Further, from @mark.needham a few years ago, touching on CREATE UNIQUE (which may be defunct now?) but regarding an effect that I may be encountering, that csv-importing and merging relationships to dense/ish nodes may be slowing as the relationship count rises.

Sample code:

USING PERIODIC COMMIT LOAD CSV WITH HEADERS FROM "file:/foo.csv" AS batch
WITH batch WHERE (batch.FOO <> "")
MATCH (a:Person {uid:toInteger(batch.UID)}), (x:Foo {nonce:batch.FOO})
MERGE (a)-[ax:PersonToFoo]->(x)
ON CREATE SET ax.weight = toInteger(batch.WEIGHT)
ON MATCH SET ax.weight = ax.weight + toInteger(batch.WEIGHT)
; 

...where a and x have been pre-created in previous runs, per the suggestion from @michael.hunger in Tip: Avoiding Slow & Messy Conditionals (or: splitting input) in Cypher for bulk import LOAD CSV?

(edit: there are tens-of-millions of relations to create, from a multi-gigabyte CSV file; there are also UNIQUE constraints on a.uid and x.nonce)

Mark's Blog Link: https://markhneedham.com/blog/2015/07/28/neo4j-mergeing-on-super-nodes/


(Michael Hunger) #4

Actually there is a specific cypher operator for that MERGE(INTO) which takes the two node degrees into account.

And starts from the smaller side to check if a relationship exists between the two.

Your statement also has to write for every line.
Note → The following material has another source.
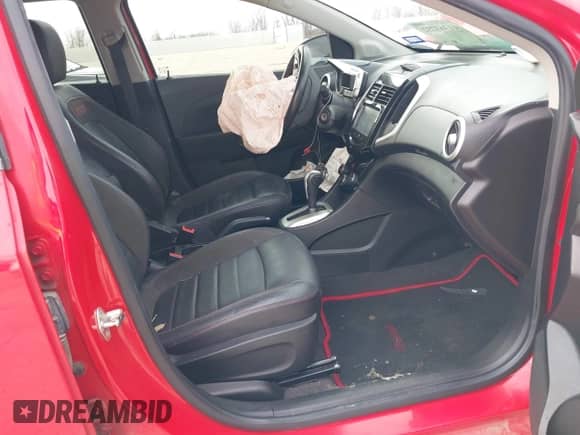 2016 Chevrolet Sonic RS z VIN 1G1JG6SB6G4168724, wystawiony jako IAAI lot #41363232 z przebiegiem 99 818 mil mil oraz . Historia ofert i sprzedaży dostępna na DreamBid. Obrazek 5.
Something that can be helpful in general for this kind of statement is to aggregate first
and then create the data after.
(But that would not work with USING PERIODIC COMMIT (for > 1M rels), so you'd have to use apoc.periodic.iterate)
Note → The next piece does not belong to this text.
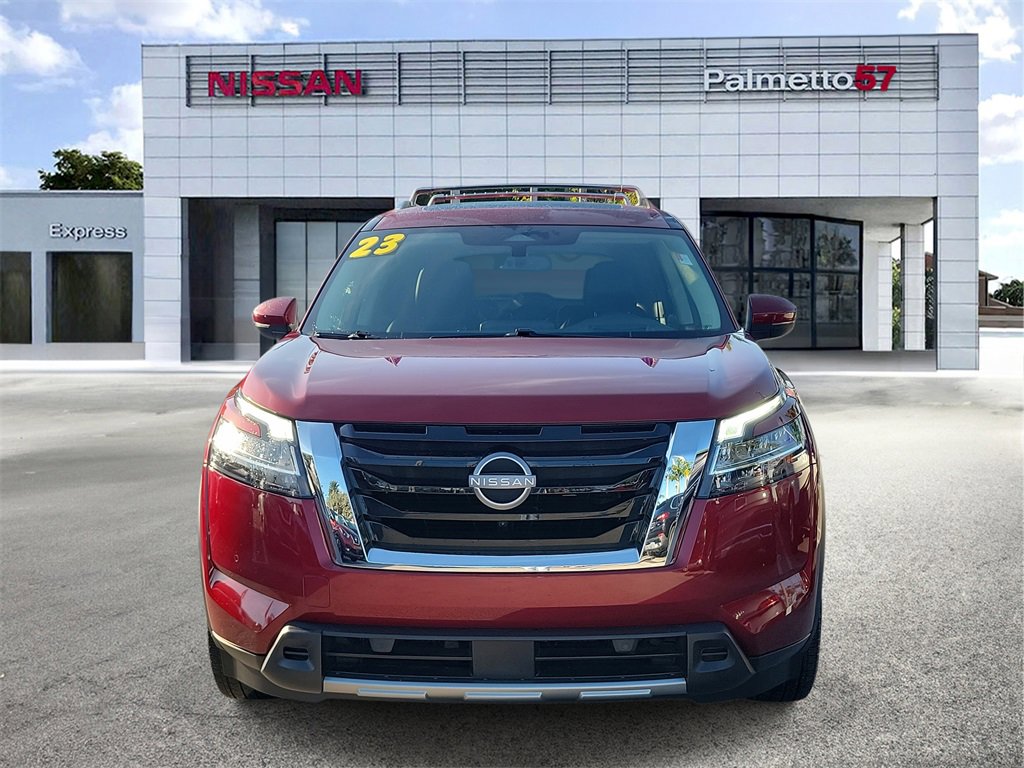 Certified 2023 Nissan Pathfinder Platinum image 2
call apoc.periodic.iterate('
LOAD CSV WITH HEADERS FROM "file:/foo.csv" AS batch 
WITH batch WHERE (batch.FOO <> "") 
RETURN toInteger(batch.UID) as person, batch.FOO as foo, sum(toInteger(batch.WEIGHT)) as weight
','
MATCH (a:Person {uid:person}), (x:Foo {nonce:foo}) 
MERGE (a)-[ax:PersonToFoo]->(x) 
SET ax.weight = ax.weight + weight
',{batchSize:10000})

(Alec Muffett) #5

Hi @michael.hunger - thank you for the response; and I take your point about the aggregation, that makes sense, I may try it. But where you say:

...I don't really understand what you mean; is there a different kind of MERGE that I should be using?


(Michael Hunger) #6

Nope that's automatic, you see the difference in the query plan.